Records shown section start

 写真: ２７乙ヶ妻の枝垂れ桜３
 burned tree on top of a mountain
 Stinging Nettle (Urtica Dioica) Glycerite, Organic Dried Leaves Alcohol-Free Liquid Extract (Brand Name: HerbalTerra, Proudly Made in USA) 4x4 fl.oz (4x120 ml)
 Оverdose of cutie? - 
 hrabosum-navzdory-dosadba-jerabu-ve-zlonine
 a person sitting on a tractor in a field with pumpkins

Records shown section end
Records shown section start

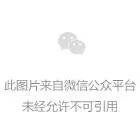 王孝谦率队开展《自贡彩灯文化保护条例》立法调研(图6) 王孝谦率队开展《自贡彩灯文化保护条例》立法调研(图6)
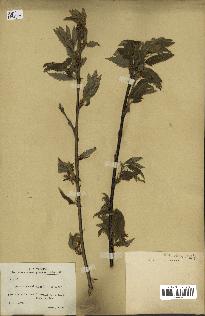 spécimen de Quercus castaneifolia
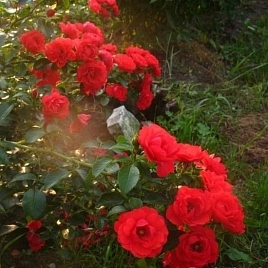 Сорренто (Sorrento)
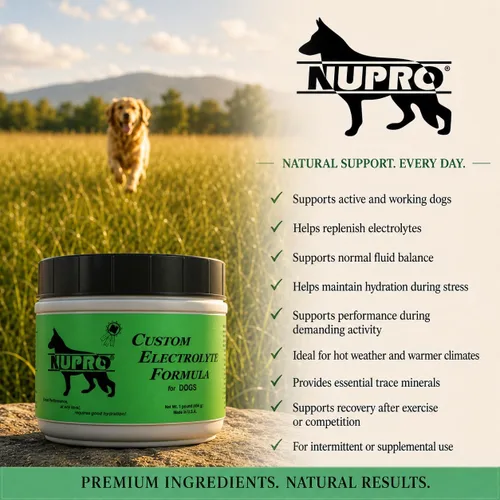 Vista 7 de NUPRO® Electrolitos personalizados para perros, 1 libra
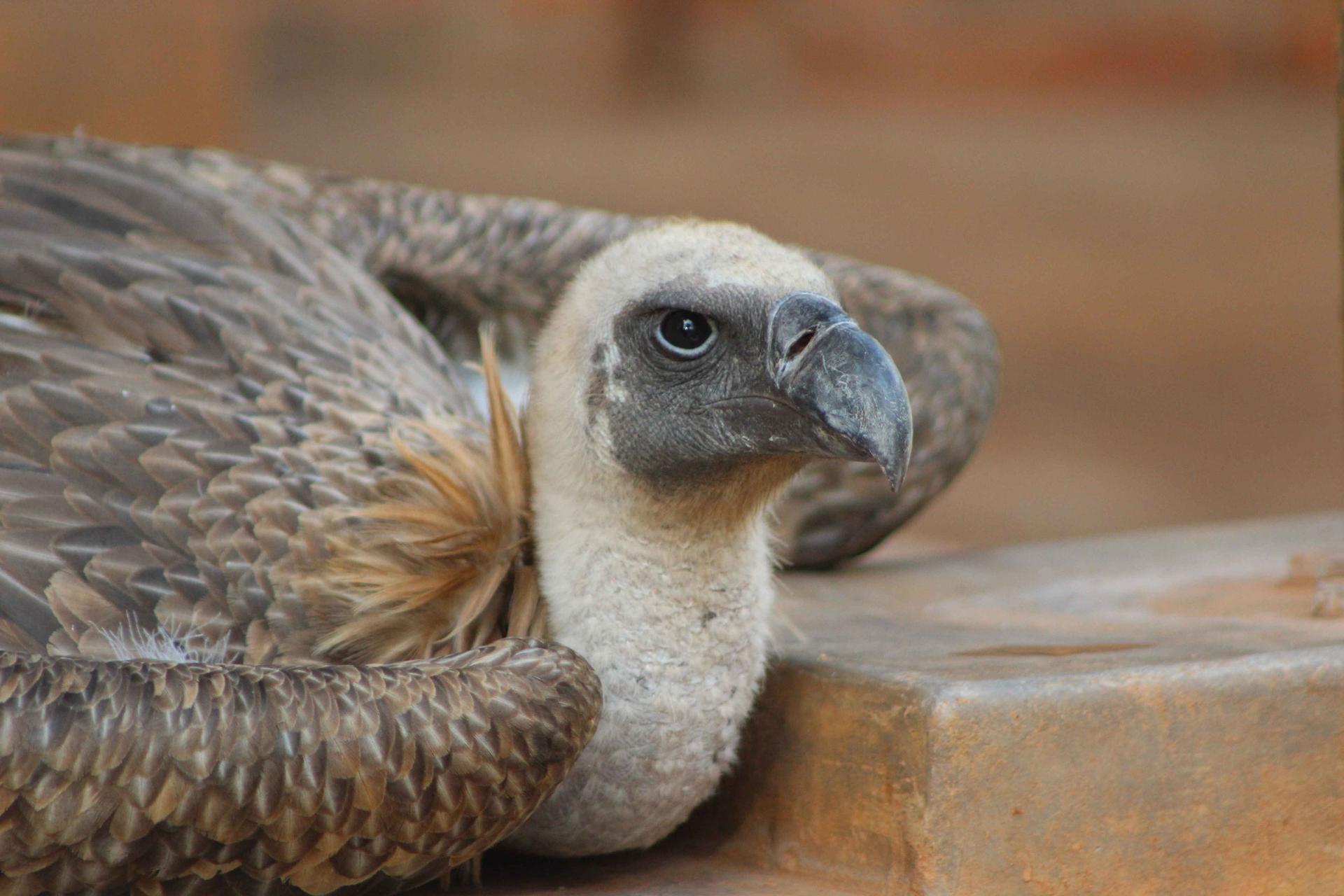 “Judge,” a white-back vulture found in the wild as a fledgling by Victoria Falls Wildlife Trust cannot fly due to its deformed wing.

Records shown section end
Records shown section start

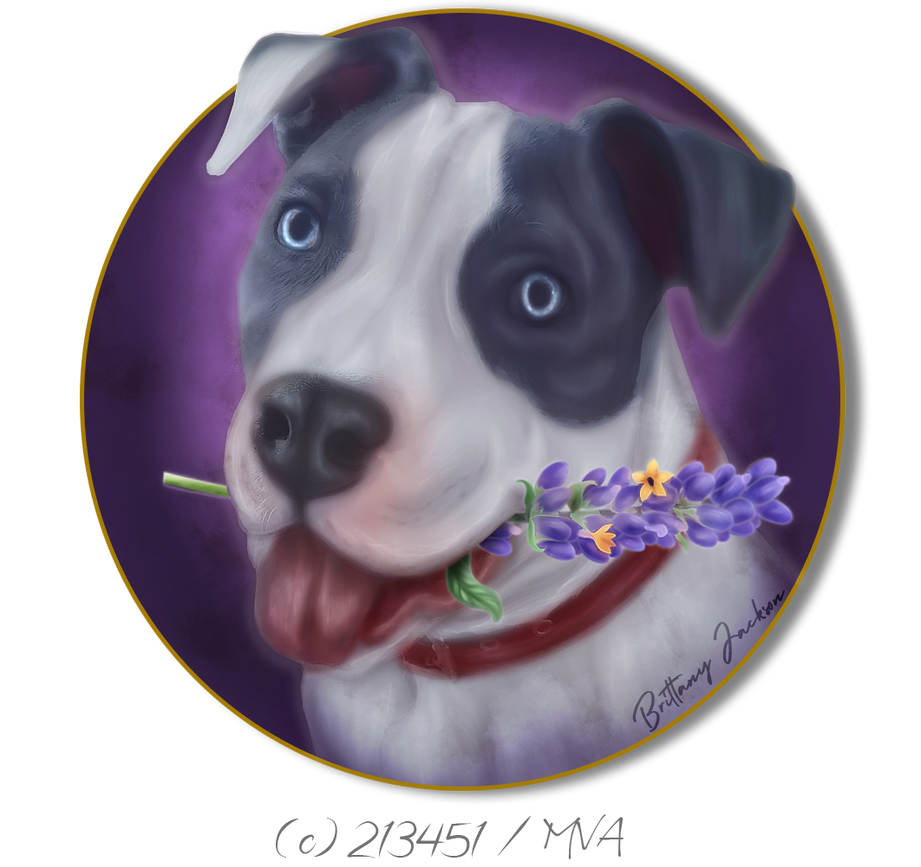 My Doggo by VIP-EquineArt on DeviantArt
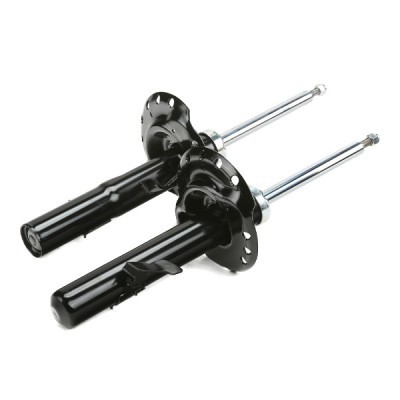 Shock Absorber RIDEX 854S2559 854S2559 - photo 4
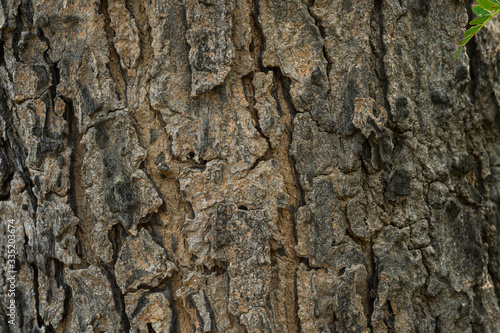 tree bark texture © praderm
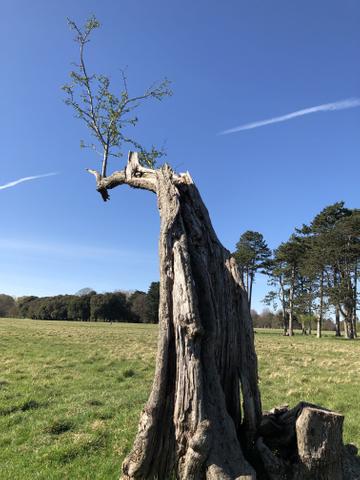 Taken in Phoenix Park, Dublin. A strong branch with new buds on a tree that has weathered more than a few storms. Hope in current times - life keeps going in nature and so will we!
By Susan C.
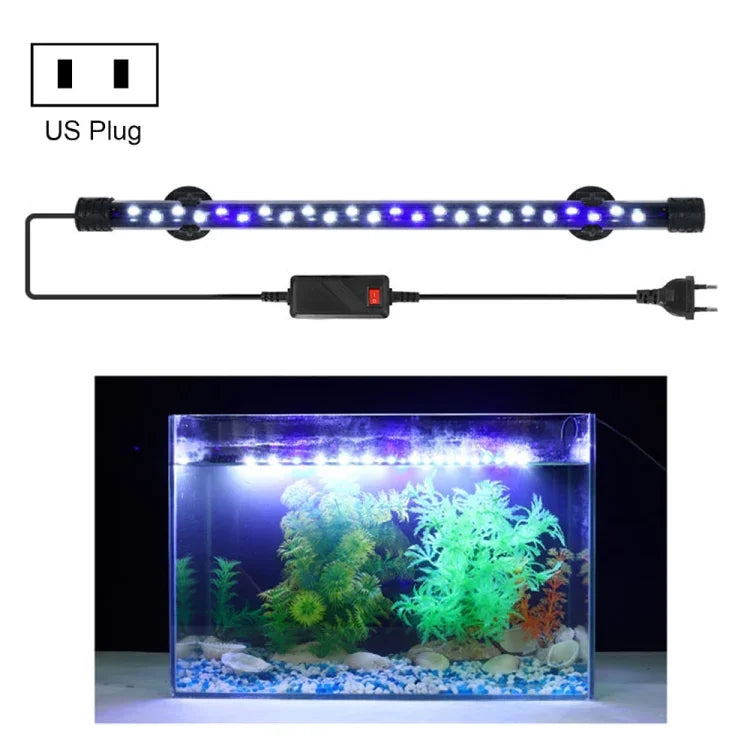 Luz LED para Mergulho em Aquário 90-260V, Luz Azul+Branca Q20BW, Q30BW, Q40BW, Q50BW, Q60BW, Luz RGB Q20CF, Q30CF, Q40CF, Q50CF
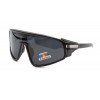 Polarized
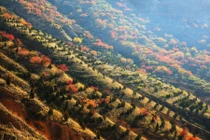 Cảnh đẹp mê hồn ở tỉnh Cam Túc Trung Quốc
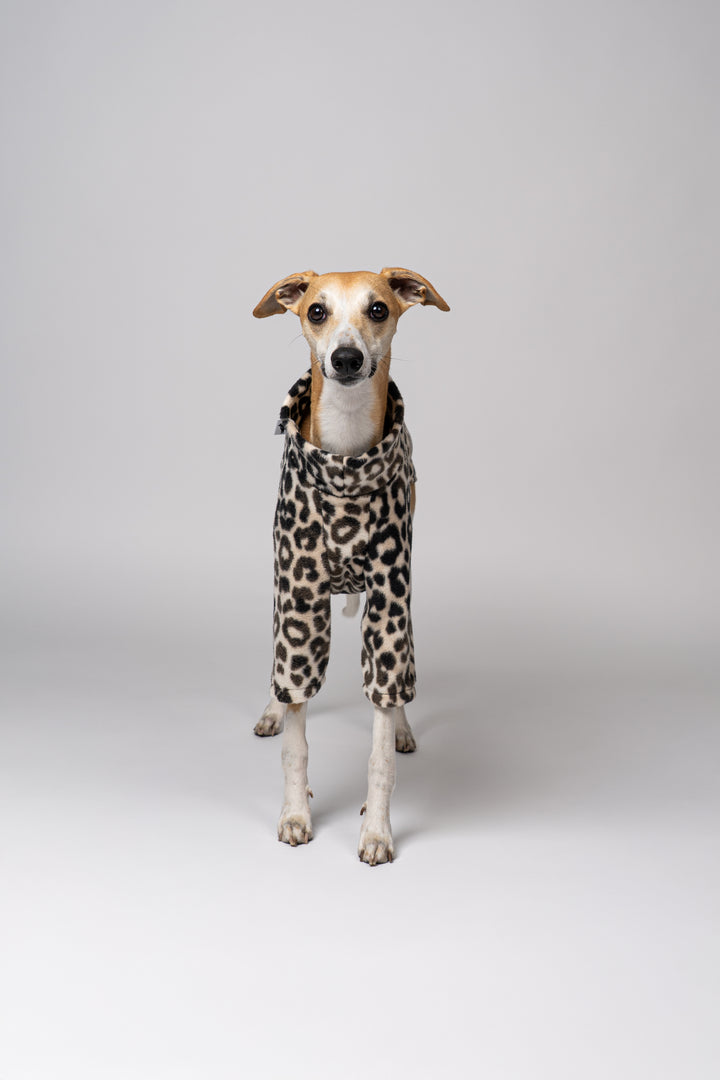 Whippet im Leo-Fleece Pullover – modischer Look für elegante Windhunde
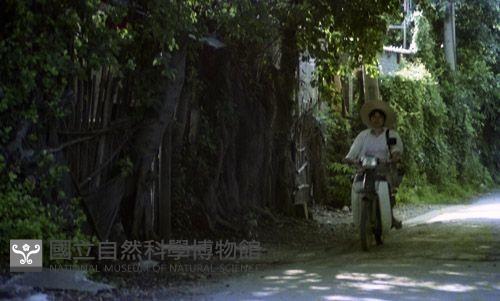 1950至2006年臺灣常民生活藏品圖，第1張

Records shown section end

Aim of the task: Beginning at the line with "burned tree on top of a mountain" and ending at the line with "a person sitting", reproduce each line of the data above exactly, and add no other lines.

Reply:
 burned tree on top of a mountain
 Stinging Nettle (Urtica Dioica) Glycerite, Organic Dried Leaves Alcohol-Free Liquid Extract (Brand Name: HerbalTerra, Proudly Made in USA) 4x4 fl.oz (4x120 ml)
 Оverdose of cutie? - 
 hrabosum-navzdory-dosadba-jerabu-ve-zlonine
 a person sitting on a tractor in a field with pumpkins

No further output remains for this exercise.